WORK ORDER: Extract the text of every entry below exactly; leave images out.

Short web captions:

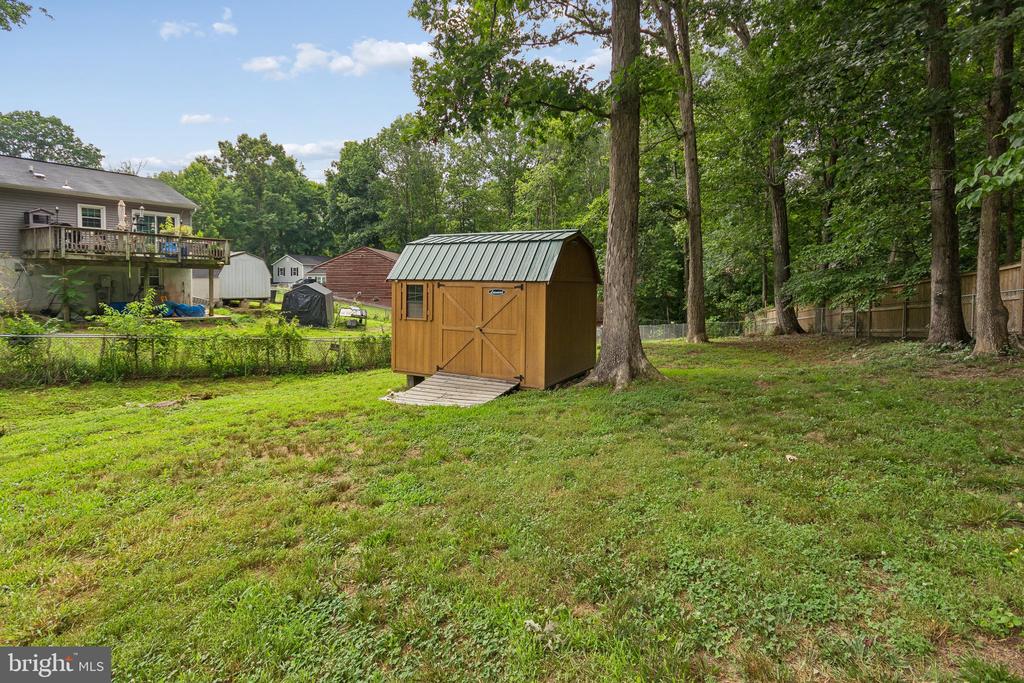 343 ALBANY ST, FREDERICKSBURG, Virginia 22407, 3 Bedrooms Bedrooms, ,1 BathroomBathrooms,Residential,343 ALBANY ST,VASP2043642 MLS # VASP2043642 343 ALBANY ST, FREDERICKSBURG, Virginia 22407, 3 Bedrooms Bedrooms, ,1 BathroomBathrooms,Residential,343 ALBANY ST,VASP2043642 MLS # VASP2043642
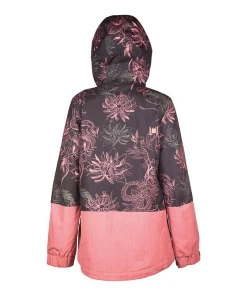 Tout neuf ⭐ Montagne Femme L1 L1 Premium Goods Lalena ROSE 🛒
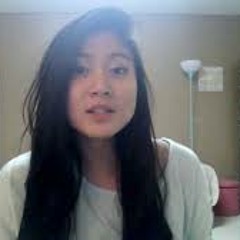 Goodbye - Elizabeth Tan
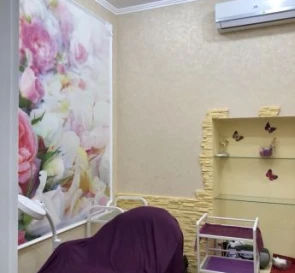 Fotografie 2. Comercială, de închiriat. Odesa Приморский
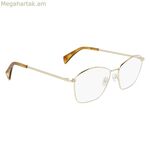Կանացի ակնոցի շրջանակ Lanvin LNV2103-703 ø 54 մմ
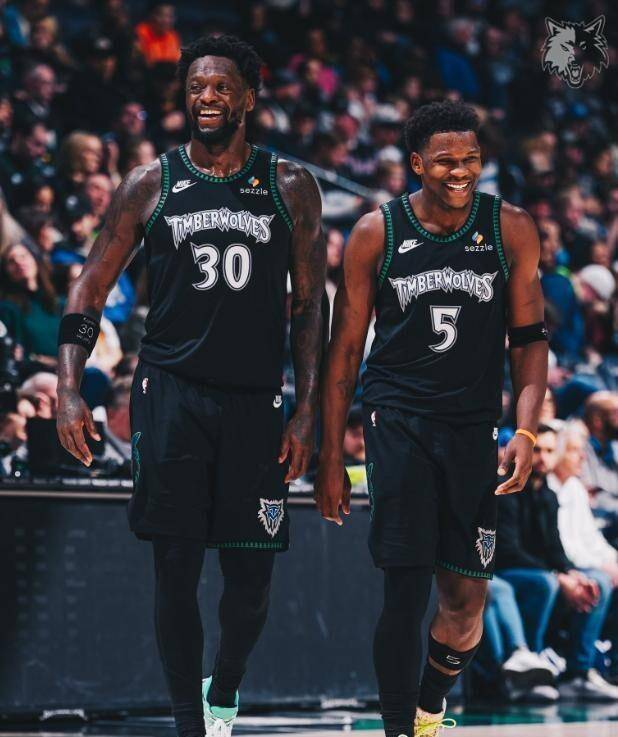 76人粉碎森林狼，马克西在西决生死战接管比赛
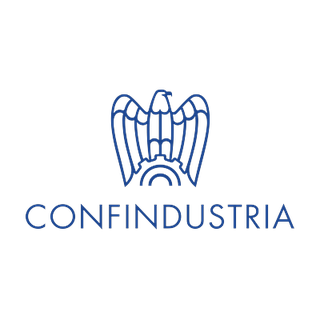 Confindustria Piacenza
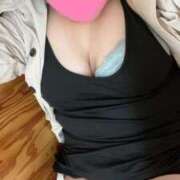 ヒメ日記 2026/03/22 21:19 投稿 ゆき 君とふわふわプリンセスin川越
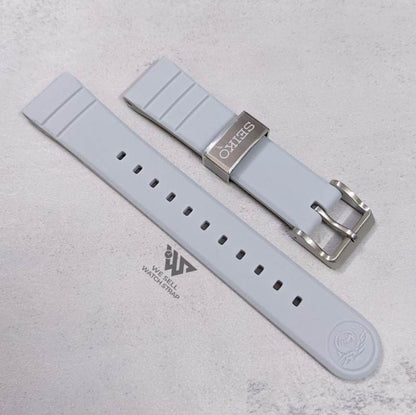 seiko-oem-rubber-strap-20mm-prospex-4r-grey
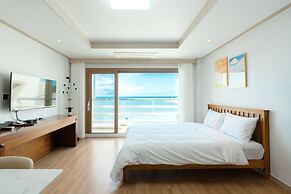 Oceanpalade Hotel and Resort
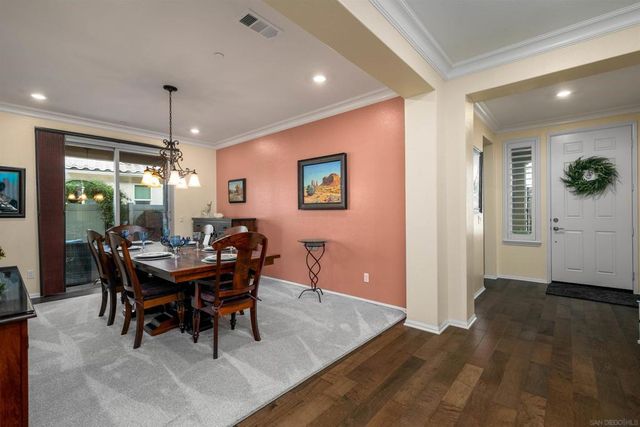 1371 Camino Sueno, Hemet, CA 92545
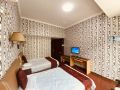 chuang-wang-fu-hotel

ANSWER BELOW:
 343 ALBANY ST, FREDERICKSBURG, Virginia 22407, 3 Bedrooms Bedrooms, ,1 BathroomBathrooms,Residential,343 ALBANY ST,VASP2043642 MLS # VASP2043642 343 ALBANY ST, FREDERICKSBURG, Virginia 22407, 3 Bedrooms Bedrooms, ,1 BathroomBathrooms,Residential,343 ALBANY ST,VASP2043642 MLS # VASP2043642
 Tout neuf ⭐ Montagne Femme L1 L1 Premium Goods Lalena ROSE 🛒
 Goodbye - Elizabeth Tan
 Fotografie 2. Comercială, de închiriat. Odesa Приморский
Կանացի ակնոցի շրջանակ Lanvin LNV2103-703 ø 54 մմ
 76人粉碎森林狼，马克西在西决生死战接管比赛
 Confindustria Piacenza
 ヒメ日記 2026/03/22 21:19 投稿 ゆき 君とふわふわプリンセスin川越
 seiko-oem-rubber-strap-20mm-prospex-4r-grey
 Oceanpalade Hotel and Resort
 1371 Camino Sueno, Hemet, CA 92545
 chuang-wang-fu-hotel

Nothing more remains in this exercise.